Sixty years ago, the first lightweight, disposable dust masks were developed by 3M. These early versions would lay the groundwork for the modern, single-use N95 respirators used today (prior to the N95, respirators resembled WWI gas masks; they were uncomfortable to wear and needed to be rinsed before being reused). While the benefits of lightweight, maintenance-free PPE are clear, the origin story of how they came about is less so.

Image courtesy the US Patent Office
This 1962 3M patent notes the brassiere as the principal product for “molded nonwoven fabric articles,” as well as applications such as “porous breath-filtering face masks used by surgeons and industrial workers subjected to dusty or contaminated atmospheres.”
Starting in the late 1930s, 3M began work on a new line of products known as “nonwovens” while searching for an inexpensive, noncorrosive backing for electrical tape. Nonwovens are composed of synthetic fibers bound together via heat and pressure without weaving. Following unsuccessful attempts to produce a quality tape backing, 3M pivoted to marketing nonwovens as decorative ribbons for gift wrapping in the mid-1940s. By the late 1950s, it had developed molded nonwoven technology to stiffen ribbons and bows, which opened the door to making other three-dimensional shapes.
Competing epiphanies.
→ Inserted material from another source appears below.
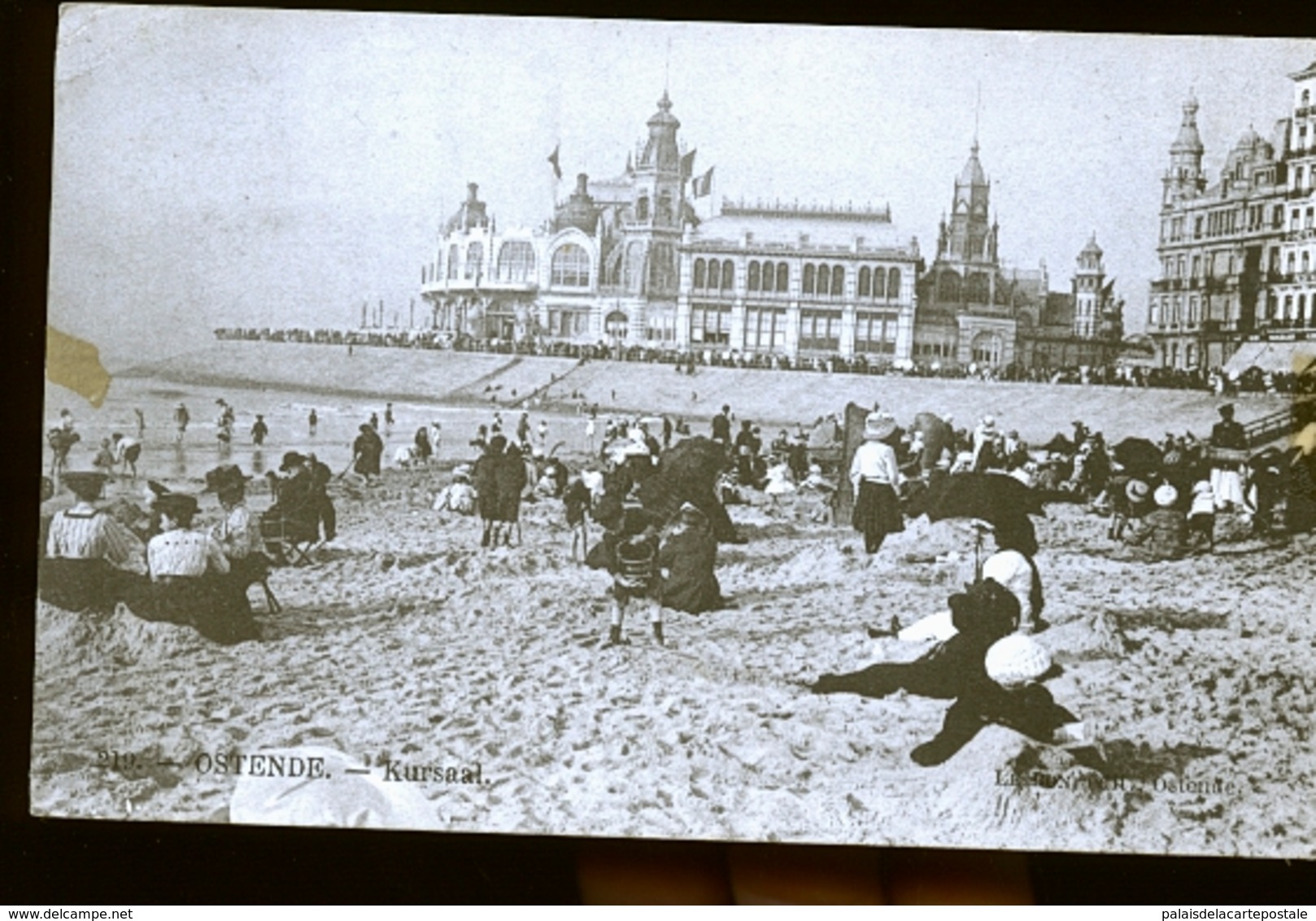 OSTENDE - Oostende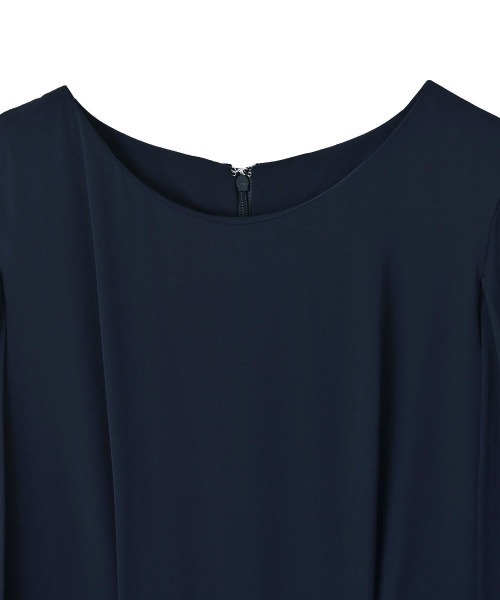 marjour（マージュール）の「MANTLE PANTS DRESS（サロペット/オーバーオール・レディース・ネイビー/ブラック・M/L）」の16枚目の写真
The transition from molded nonwoven ribbon to respiratory PPE is a little fuzzier. One version of events involves Sara Little Turnbull, a well-known product designer and former décor editor for House Beautiful magazine. In 1958, Turnbull reportedly began consulting with 3M’s gift-wrap division. Excited by the molded nonwoven technology, she recommended 3M pursue new applications for nonwovens, presenting more than 100 new product ideas, one of which was a molded brassiere.
Turnbull’s PPE epiphany apparently occurred while visiting sick family in a hospital. A keen observer, she noticed hospital staff fidgeting with their cloth face masks and got the idea for a new product based on the molded bra—a “bubble” surgical mask. The bubble mask was introduced in 1961, but it had to be re-branded as a “dust” mask because it couldn’t block pathogens.
An alternative “aha” moment involved a 3M scientist, Pat Carey. According to A Century of Innovation: The 3M Story (3M, 2002), Carey noticed a display of Halloween masks as he walked through a local store and got a bright idea. Excited, he apparently rushed back to the lab and made a prototype out of nonwoven material and asked his co-workers to “try breathing through it.” This quick demonstration led to applying nonwoven technology to the development of maintenance-free respirators and surgical masks.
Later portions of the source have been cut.